Wednesday, April 16, 2008

Our Upcoming Weekend

We hope to see many of you on Saturday (April 19) for the opening of the Westside Community Market. On Sunday we will be heading to the Welty Environmental Center in Beloit to speak about local eating as an environmentally responsible choice.

Finally, this weekend marks the official opening of the Madison Area Community Gardens. We have a half-plot this year and there will be many blog posts to come about our foibles, and hopefully a few triumphs, with our garden!

Fast Food

We have been remiss in blogging what we are eating, there is so much going on and so much to talk about! One of our stand-by fast food dishes is Okonomiyaki--which translates from Japanese roughly as "things you like--fried!" Can't beat that! There is no recipe and it is often billed as a cross between pizza and a pancake--doesn't sound good but it is! Mix eggs, flour and water to make a batter like a thin pancake. Add strips of cabbage (keeps everything together) and then add what you like. We usually take those bits of veggies at the bottom of fridge, chop 'em up and add them. The result is a yummy, slightly crunchy, eggy pancake. We serve it with rice and a soy/ginger/garlic sauce. Last night's ingredients included green beans, carrots, onions, cabbage, peas and of course, eggs from our chickens.

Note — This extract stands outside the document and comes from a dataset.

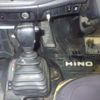 hino ranger 2011 -HINO--Hino Ranger FC6JCW-15472---HINO--Hino Ranger FC6JCW-15472- image 8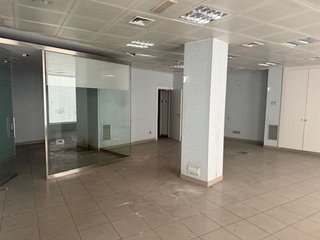 Local comercial en venta en Centro en Puertollano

Try this some night when you are pressed for time--YUMMY!

Monday, April 14, 2008

Eating Local is About the People . . . All the People

On more than one occasion we have heard the complaint that eating locally is only for the wealthy. People claim that locavores are elitist, striving to segregate themselves from "the average eater" by choosing to shop directly from the source of production.

We completely disagree.

A recent article in the Albany Times Union says it beautifully (please click the link for the full text)

It's about transforming and democratizing the food system. It's about increasing access to high-quality, nutrient-rich food and making it available and affordable to all people.

It's about establishing whole food (not Whole Foods) markets in poor inner-city neighborhoods plagued by "food deserts."

It's about keeping more farmers on the land by paying them the real cost of production and about consumers having a stake in the stewardship of productive land. It's about sustainability.

Buying locally, whether it be food or other products is about thinking long-term. Support your community and it will support you.

Sunday, April 13, 2008


There is a place, less than a mile from our near-Isthmus home, where we find Morels. One year we found over 20 gorgeous specimens and we feasted (well, my MIL and I did, Scott wasn't too keen and Evie didn't like the sherry we added to round #1). Each year, as we pass by the spot at this time of year, Evie asks, "I wonder if there are Morels yet?" Sometimes there are, sometimes there aren't. I LOVE the idea of foraging for our food. So do a lot of other people it would seem!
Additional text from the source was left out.